# Value of my 'old' Look, reale possibilities?



## Emspilot (Apr 17, 2002)

I am considering selling my 'old' aluminum Look to finance a new set of wheels for my 555.
However I'm not sure I can get enough for it to make it worth giving up. What do you guys think?

2001 Look AL274 Frame 
Full Dura-Ace 9spd group, except brakes...Ultegra there.
Dura- Ace hubs w/Mavic CPX33 rims.

It's all good condition, the frame has a few nicks and scrapes from lots of riding. The groupo in in great condition. (Sorry, pics are on my home computer and not my work one. Maybe later....)

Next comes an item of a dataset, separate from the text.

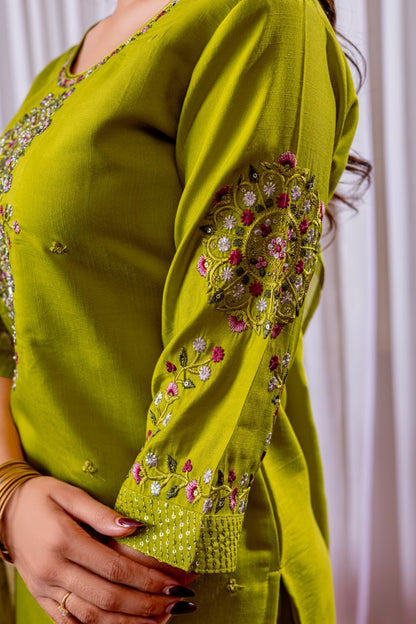 Multi Sequence Embroidery Thread With Hand Work Kurtie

What's a reasonable $$ to expect to ask and get for this?


----------



## C-40 (Feb 4, 2004)

*not much...*

Unfortunately, most frames lose value very quickly. Even a new LOOK carbon frame, on closeout will often be reduced in price by 25%. I've got a 2004 KG461 that retailed for $1750. It's probably only worth $4-500 dollars, even in pristine condition. A much older aluminum frame would be worth far less.


----------



## Emspilot (Apr 17, 2002)

Yeah, that's about what I've come to realize. I guess I'll just hold on to it as a back up and a rain bike.


----------



## yanksphan (May 18, 2005)

I just sold a KG361 F/F, King Headset, Look Carbo/Alu Stem, and Look carbon seatpost for $425


----------